7 Concluding remarks

Here we compare the approximation scheme described above to standard strong and weak convergence schemes, and also mention some open questions.

Standard strong approximation schemes, such as described in [9], typically involve approximating the solution x(t) on [0, T] of an SDE by approximations \(x^{(k)}\) for \(k=1,\cdots ,N\), where the \(x^{(k)}\) are calculated from simulated increments of the Brownian path, and possibly simulated iterated integrals of the path. One then aeeks a bound of the form \({\mathbb {E}}\max _{k=1}^N|x^{(k)}-x(kh)|^M\le Ch^{M\gamma }\) where \(\gamma \) is the order of the method. For weak approximation of order \(\gamma \) one is concerhed with the estimation of \({\mathbb {E}}f(x(T))\) for suitable f and only requires bounds of the from \(|{\mathbb {E}}f(z^{(N)}-{\mathbb {E}}f(x(T))|\le Ch^\gamma \). The bounds given in Theorems 2 and 3 then look more like standard strong bounds than weak bounds, but differ in that the random variables \({\tilde{x}}^{(k)}\) are not measurable w.r.t. the probability space generated by the Brownian path, and their connection to the Brownian path is not explicit. One might desribe our method as strong approximation to a weak solution, the ‘weak’ referring to the fact that the solution is on a larger probability space than the Brownian path. It is natural to ask if one can get the same bounds but with \(x^{(k)}\) measurable w.r.t. the \(\sigma \)-field generated by the path W. This seems quite possible but would require a different type of coupling.

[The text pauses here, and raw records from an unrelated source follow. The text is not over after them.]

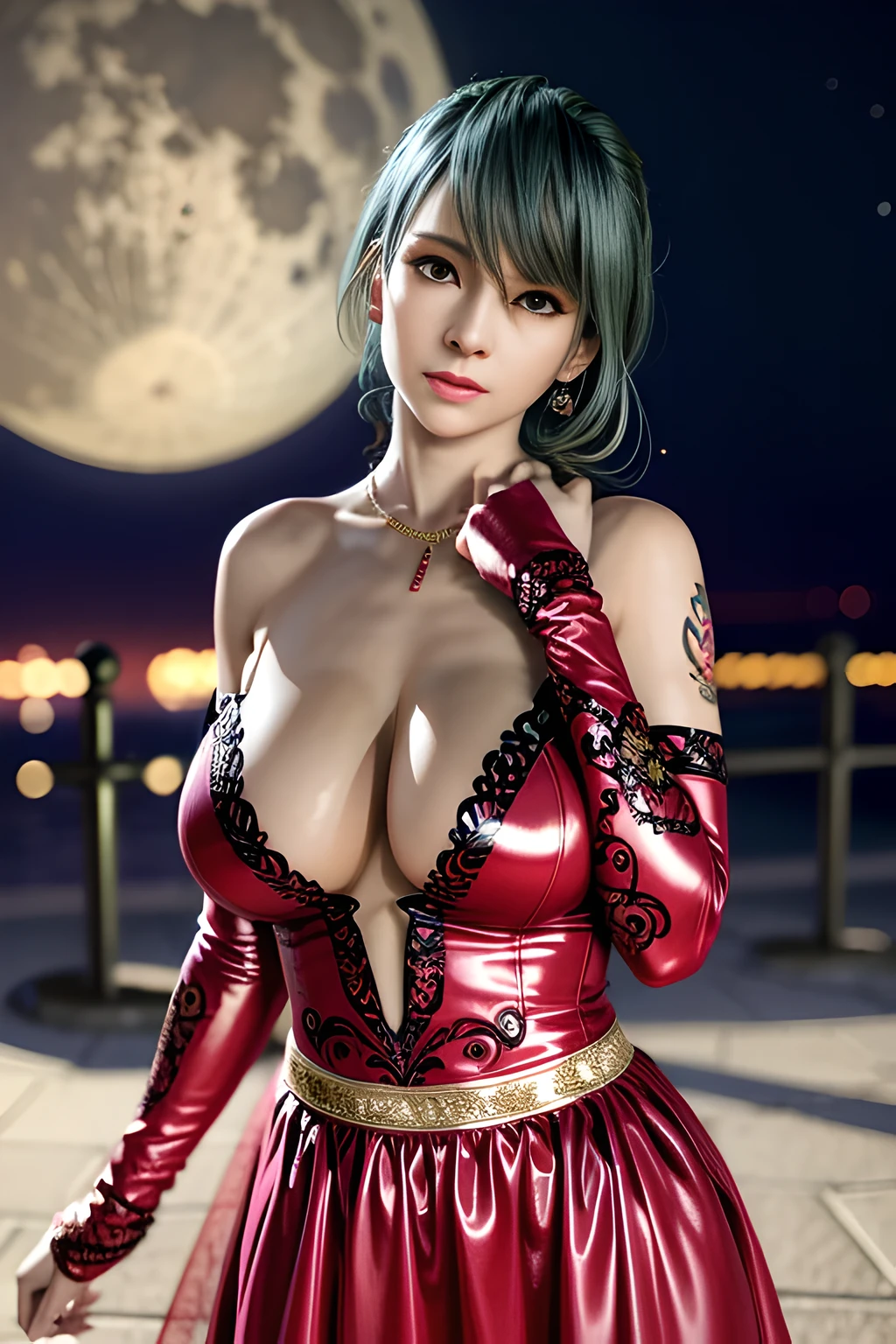 1 girl,lean over WINK, (dark red Wedding Dress,see-through), nighttime,moon,( huge breasts:1.1),cleavage,shiny skin,lip gloss,( tattoos:1.2), masterpiece, best quality, realistic ,Surrealism,Rich artistic colors,natural colors art in 8k,3D,Portrait art,solo, tamaki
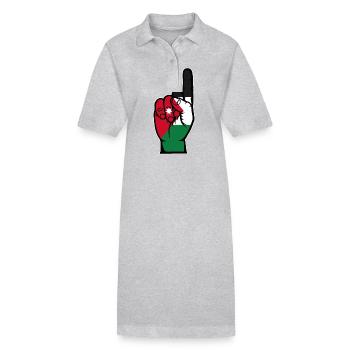Drapeau jordanien numéro 1 - Robe polo bio PAIGER Stanley/Stella Femme - gris chiné - Devant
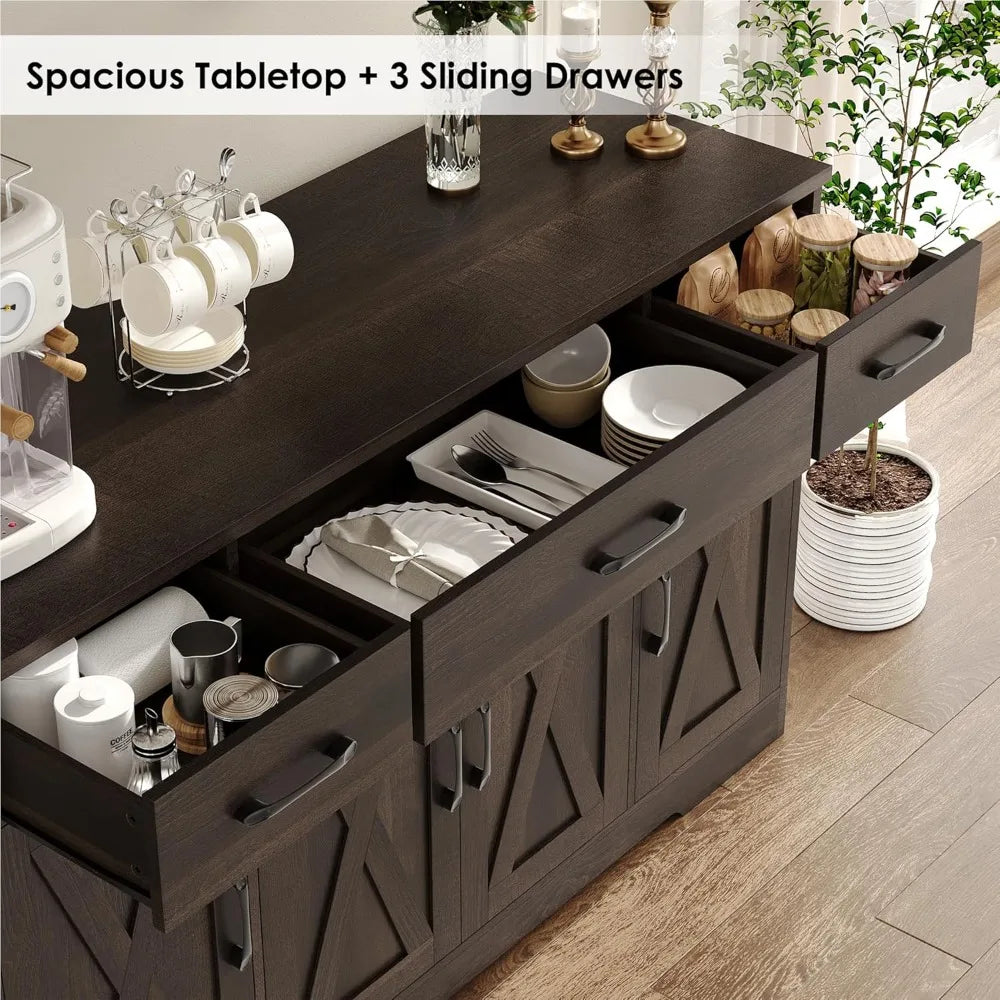 Sideboard Buffet Cabinet, Shelves, Drawers,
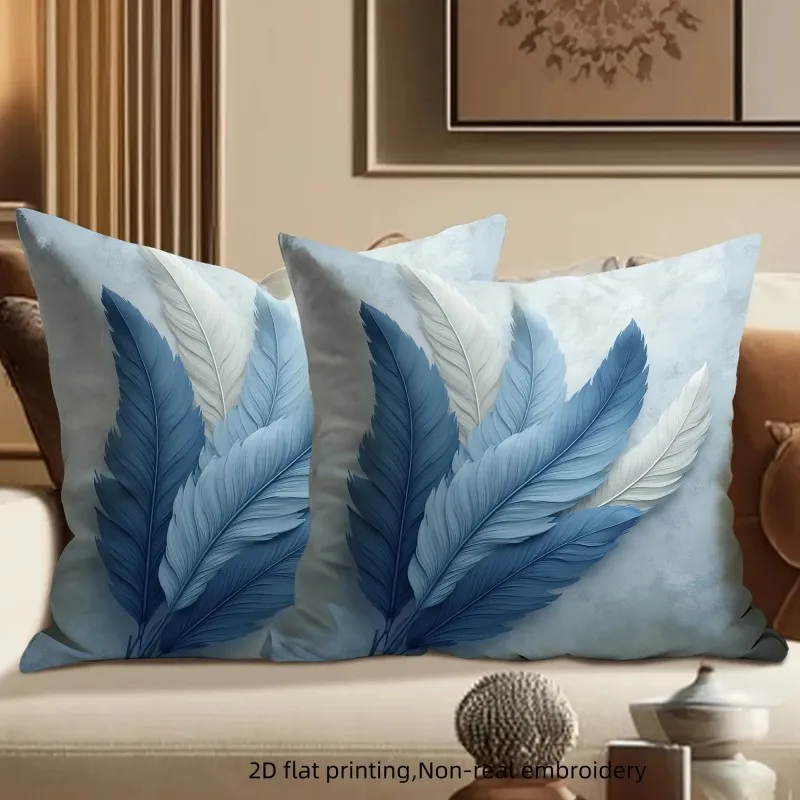 Декоративные наволочки для подушек с 2D-печатью, сине-белым узором в виде перьев, из полиэстера, для дивана
Декоративные наволочки для подушек с 2D-печатью, сине-белым узором в виде перьев, из полиэстера, для дивана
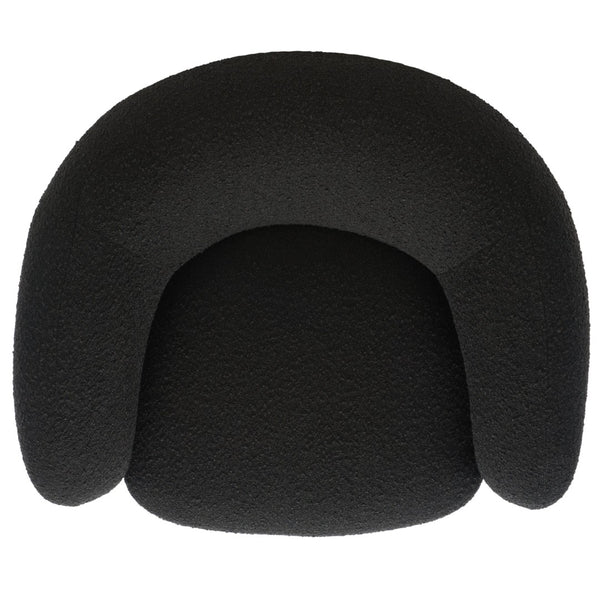 Safavieh EVERLY Boucle Barrel Back Accent Chair - Contemporary Comfort with Elegant Design for Any Space Black SFV5029B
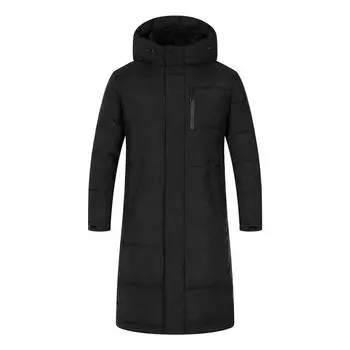 Зимняя удлиненная куртка-пуховик, куртка для пары, утепленная куртка из хлопка с капюшоном, защищающая от замерзания, мужской и женский кардиган для путешествий и походов M чёрный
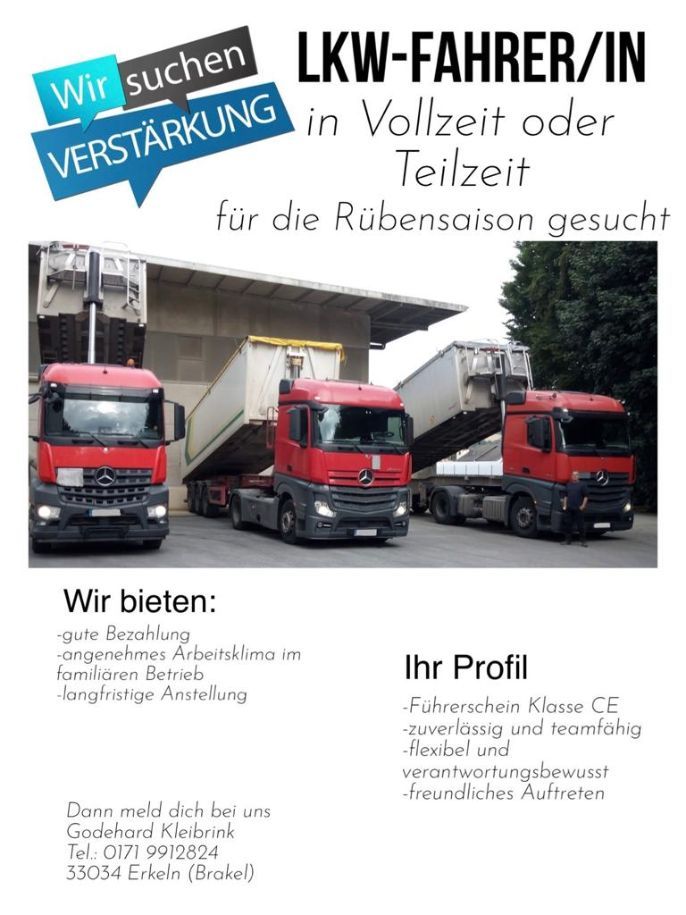 LKW Fahrer/in in Voll- und Teilzeit (m/w/d) in Brakel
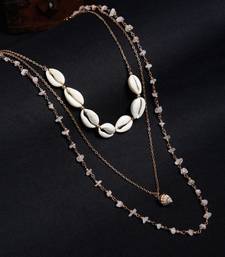 SMER Contemprory Sleek Gold Plated Tasseled Layered Necklaces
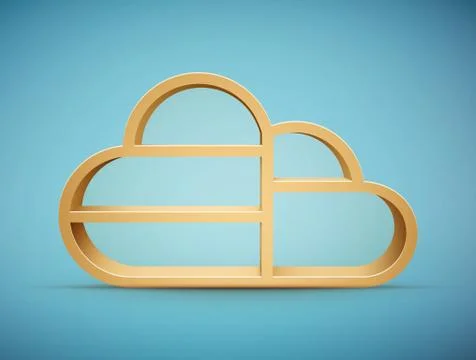 Wooden cloud shelf Illustrazione stock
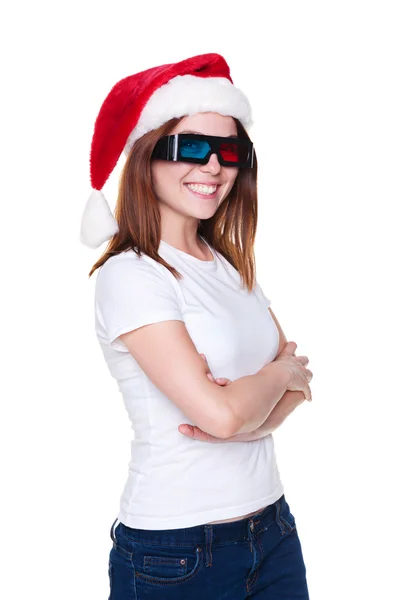 Girl in santa hat and 3d glasses. — Stock Photo, Image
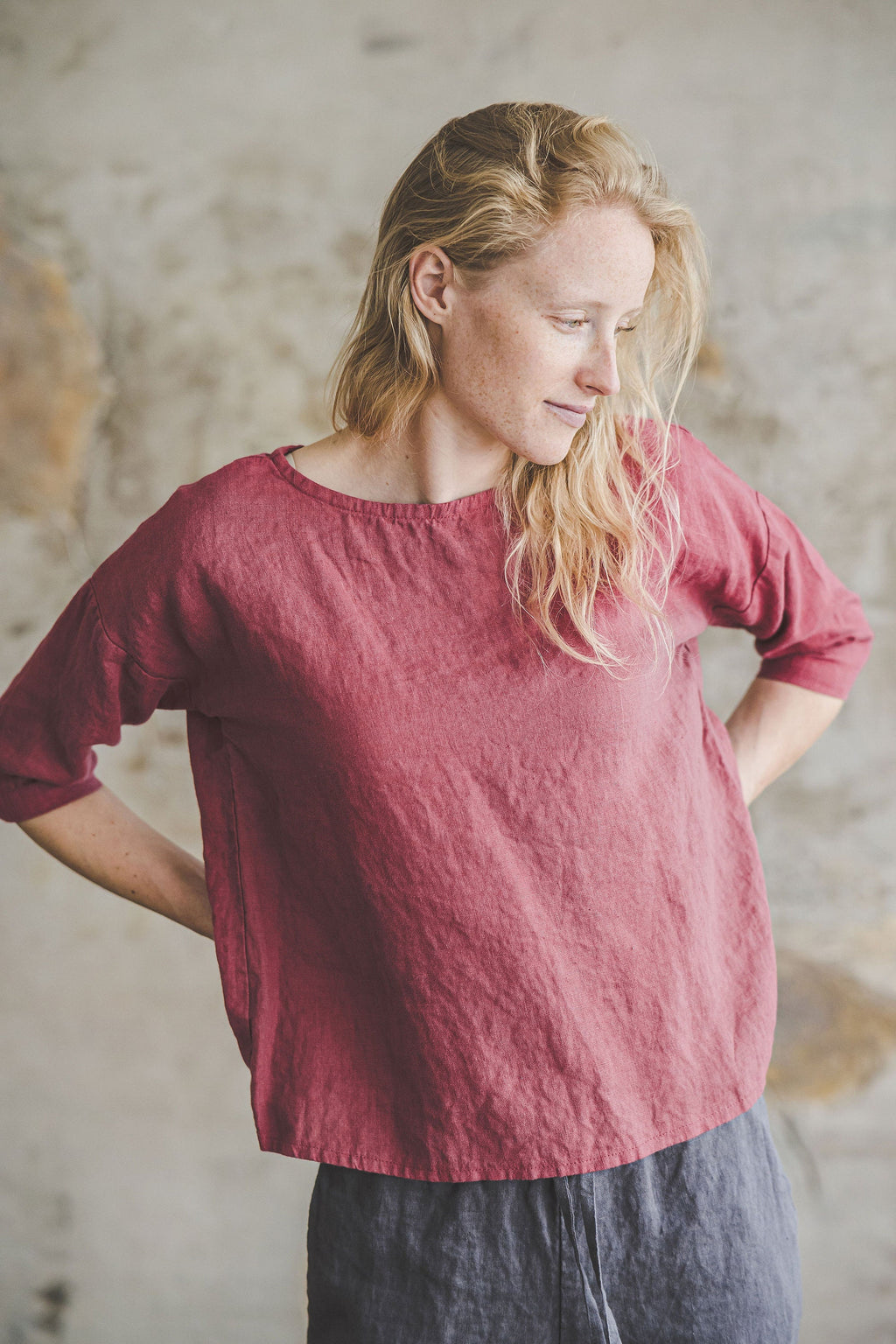 Margot Pink Linen Blouse — view 3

To illustrate that our method is stronger than standard weak approximation we note that if f is a Lipschitz function on \({\mathbb {R}}^q\) then (30) with \(M=1\) implies that \(|{\mathbb {E}}f({\tilde{x}}^{(N)})-{\mathbb {E}}f(x(T))|=O(h^{(n+1)/2})\), so that one can obtain weak approximation of arbitrary order for Lipschitz f, whereas standard weak approximation requires increasing differentiability of f for higher order.

Some general discussion of the interpretation of error bounds based on couplings and Vaserstein distances as a substitute for strong bounds can be found in Section 12 of [3].

Another question on our coupling construction is whether the same \({\tilde{x}}^{(k)}\) could be chosen for all M - the construction given above is essentially dependent on M.

A different aspect of our approximation scheme which may be worth further investigation is the choice of \((p_1,p_2,\cdots )\) corresponding to given \((S_2,S_2,\cdots )\), i.e. the choice of a Cornish-Fisher expansion for a given Edgeworth expanson, which in dimension \(>1\) is not unique. As mentioned at the end of Section 3, \({\mathbb {W}}_2\) bounds are easier to estimate precisely than \({\mathbb {W}}_M\) in general. For example, in the context of (27), one could ask for a choice of \(p_1,\cdots ,p_n\) which minimises the leading order term in the expansion of \({\mathbb {W}}_2(x(t),Z(t))\) in powers of t. This is an essentially algebraic problem which merits exploration.